The valve of the IVC (Eustachian valve) aims oxygen-rich blood entering the right atrium from the placenta (via the umbilical vein and IVC) into the foramen ovale.

**Figure 32.19.** LARSEN’ S HUMAN EMBRYOLOGY, FIGURE 12.23.

After birth and the opening of the lung vasculature, the pressure in the left atrium rises, pressing the septum primum against the septum secundum. This produces a functionally intact interatrial septum. Proliferation of tissue usually completely seals the two septa.

The internal anatomy of the definitive right atrium includes a depression where the foramen ovale once existed = the fossa ovalis. Above the fossa is a ridge = the limbus fossae ovalis, the former caudal edge of the septum secundum.

Question

What embryonic structure gives rise to the floor of the fossa ovalis (as viewed from the right atrium)?

Clinical correlation: Atrial Septal Defects

Due to the complex development of the interatrial septum just described, atrial septal defects (ASDs) can occur. Depending on the size of the defect, problems can range from non-existent (up to 25% of the population may have a tiny hole in their interatrial septum called a probe patent foramen ovale) to severe left-to-right shunting of blood and right- sided heart overload with pulmonary hypertension. There are various types of ASDs depending on which part of the primordial septum has the malformation.

The most common type of ASD is the ostium secundum defect. These result from abnormal resorption of septum primum tissue (producing an abnormally large ostium secundum overlapping a normal-sized foramen ovale) or incomplete formation of the septum secundum leading to an abnormally large foramen ovale that overlaps an normal-sized ostium secundum. Whatever the case, an appreciable hole in the middle of the interatrial septum results.

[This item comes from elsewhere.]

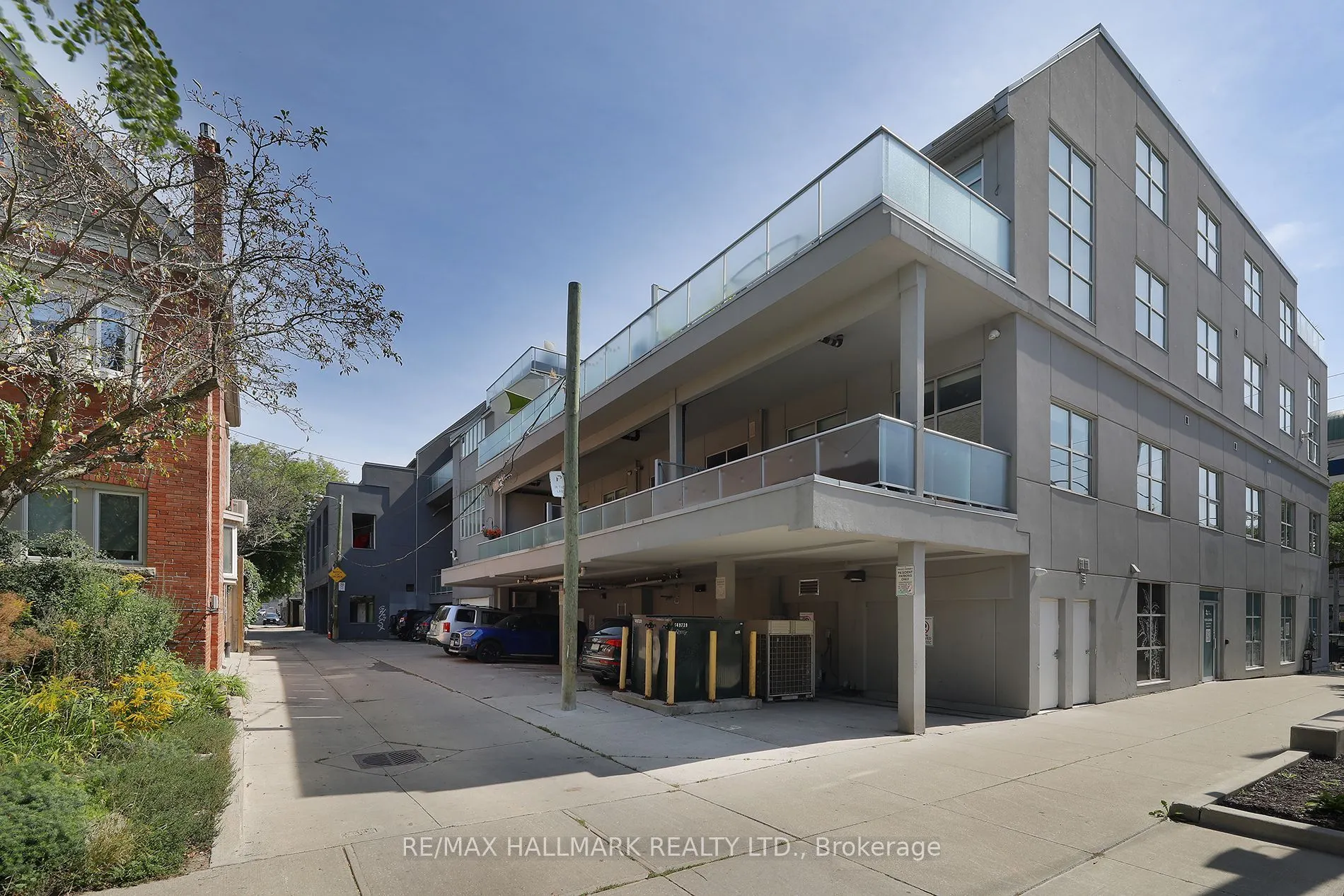 1842 Queen Street E #204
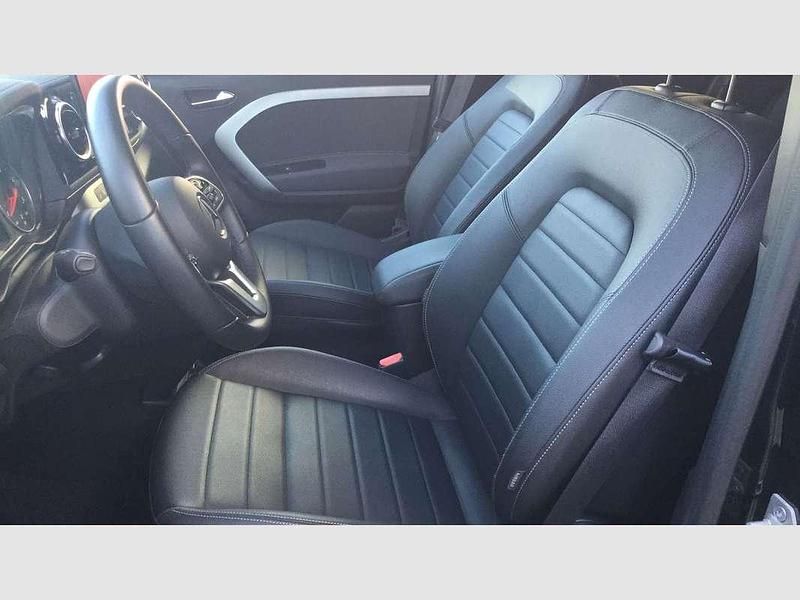 Usado Mercedes 180 116 CV (85 kW) 2024 Berlina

Another type of ASD is an ostium primum defect. This results when the septum primum fails to fuse properly with the endocardial cushions, leaving a gap below the septum primum that overlaps the foramen ovale. This produces a hole in the lower part of the interatrial septum.

side Note

Not all the blood entering the right side of the heart is shunted to the left atrium via the foramen ovale. After all four heart chambers have developed, some fetal blood does reach the right ventricle.

This is deoxygenated blood from the head and neck entering the heart via the superior vena cava and aimed straight down into the right ventricle. This blood is pumped into the pulmonary trunk but does not reach the lungs because of the presence of the ductus arteriosus, a vessel that connects the pulmonary trunk to the arch of the aorta. Shortly after birth, the ductus arteriosus closes to form the fibrous ligamentum arteriosum.

The common atrium has been partitioned . . . now on to the ventricles

The inflow parts of the definitive ventricles will come from the bulboventricular chamber (primitive ventricle + proximal bulbus cordis) and their outflow parts from the distal bulbus cordis (conus cordis).

The definitive atrioventricular orifices (the openings connecting the atria and ventricles—surrounded by the tricuspid valve cusps on the right and the mitral valve cusps on the left) are derived from the embryonic left and right atrioventricular canals—which we divided previously when the endocardial cushions fused.

**Figure 32.22.** LARSEN’ S HUMAN EMBRYOLOGY, FIGURE 12-24.

Seems straightforward enough—but there are TWO problems. Note in Figure 32.22A that the left and right AV canals BOTH empty into the left side of the bulboventricular chamber. If we grow a septum in the middle of the BV chamber to partition it, blood from BOTH atria will flow only into the left side. Uh oh—no blood into the right ventricle! Also note that the distalbulbus cordis—the source of the future outflow parts of the ventricles—is located above ONLY the right side of the BV chamber—so growing a septum would preclude the inflow part of the left ventricle from lining up with its respective outflow part. The problems are solved by:

Migrating the left and right AV canals to the right, so they are centered in the BV chamber. See Figure 32.22B.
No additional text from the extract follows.